Translation - should
I should make money.
I should lose weight.
I should eat better.
I should manage time better.
I should do my practices more.
I should pursue the career aspect of writing more.
I should clean the house.
I should be more energetic.
I should be happier.
I should be enlightened by now.
I should apply myself more.
I should stop using the word should.
I should be able to transcend my conditioning.
**
I choose not to make money right now; this meets my needs for autonomy, relaxation and detachment.
I choose not to focus on quantitative measures of health; this meets my needs for freedom and acceptance.
I choose to make intuitive choices about food, trusting my body to most fully utilize the food it takes in -- this meets my need for trust.

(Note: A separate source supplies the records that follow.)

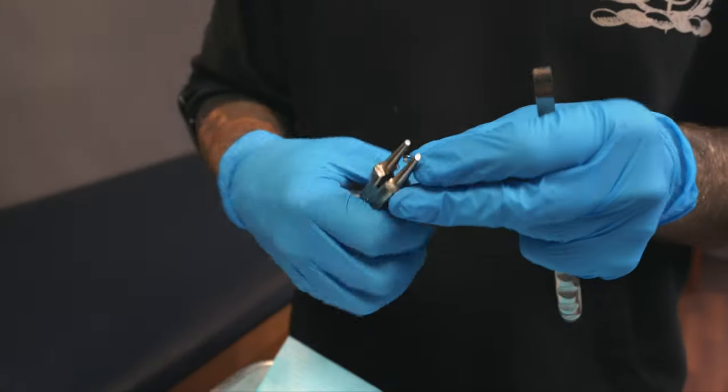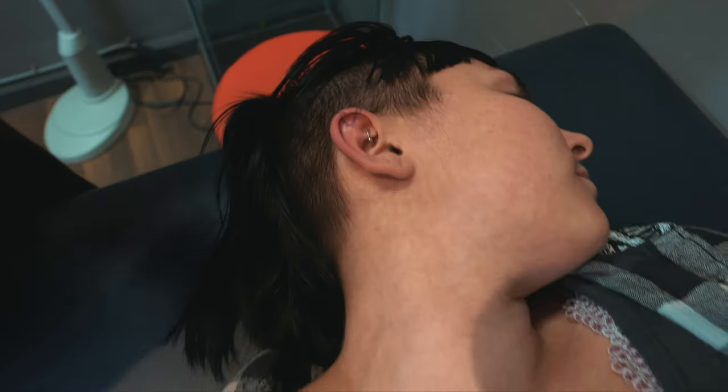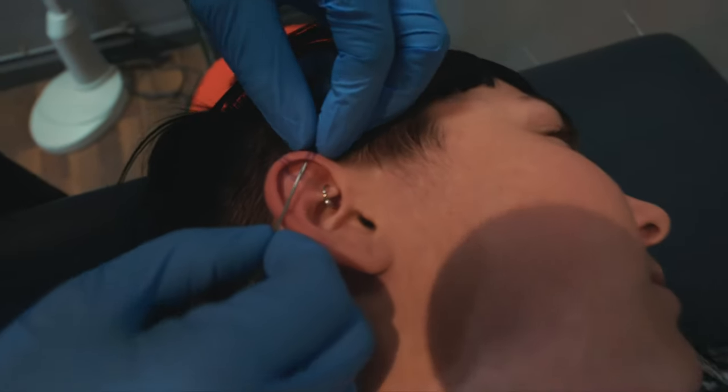Quick video — let's talk about a question I get a lot: how exactly do I know when my cartilage piercing is healed? A cartilage piercing is going to be anything on the ear for the most part — we're talking about your helix, your forward helix, your conch, your rook, your daith, your tragus. All of that encompasses the cartilage piercing.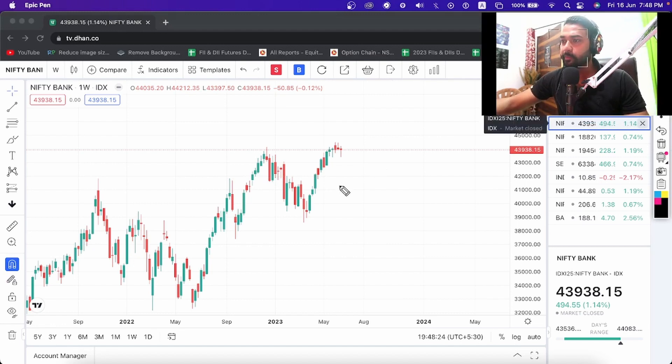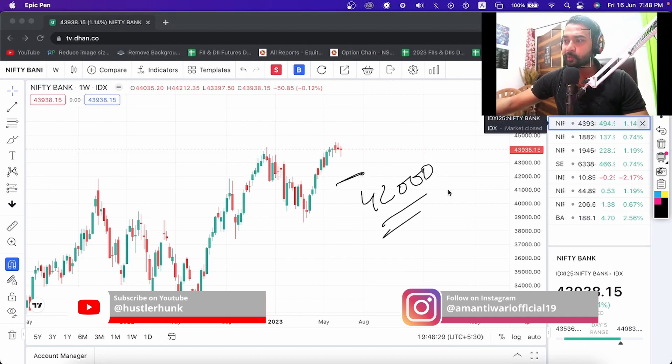Bank Nifty has also been taking support on the moving average. If it falls from here, Bank Nifty could go down to 42,000, where the moving average has been acting as support.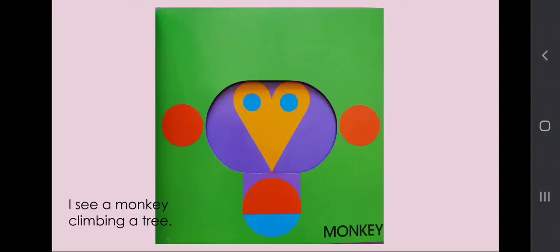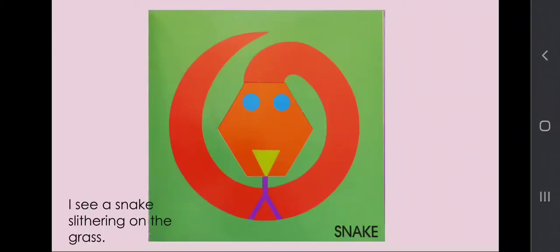I see a monkey climbing a tree. I see a snake slithering on the grass.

For the first six weeks of the year, I kept detailed plans and records of how I spent my time. I felt energized, enthusiastic and motivated which met my needs for vigor, effortlessness and movement. For a like number of weeks, I have not kept detailed plans and records of how I spend my time. I feel lethargic, defeated and hopeless -- my needs for development, expansion and authentic expression are not being fully met. Would I be willing to examine these two states without judging or comparing them?
(I am clinging to a moment when I felt discouraged, when I needed empathy and didn't receive it. When I think about that I feel sad because I want safety; when I think about needing empathy and not receiving it, I realize that my needs for safety are not being met. Would I be willing to ask for empathy about this issue?)
For a while I consistently had a daily practice; now my practice is not as consistent and/or if it is I am unaware of it since I have not been consistently tracking it. (See: time management above.) When I consistently did and acknowledged a practice, I felt satisfied and fulfilled -- it met my needs for safety, reliability, stability and acknowledgement. Would I be willing to write down the number of practices I do everyday and observe how I feel after doing so?
See number 1. I choose to write whatever I damn well please -- this meets my needs for expression, autonomy and freedom.
When my house is visually ordered I feel energized -- it meets my needs for stability, relaxation and order. Would I be willing to note the needs that are met by not cleaning the house? Not cleaning my house meets my needs for autonomy, relaxation and detachment. Would I be willing to acknowledge that one state is not "better" than the other, but rather meets different needs? Would I be willing to trust my intuitive impulses to direct my choices when I am in my house?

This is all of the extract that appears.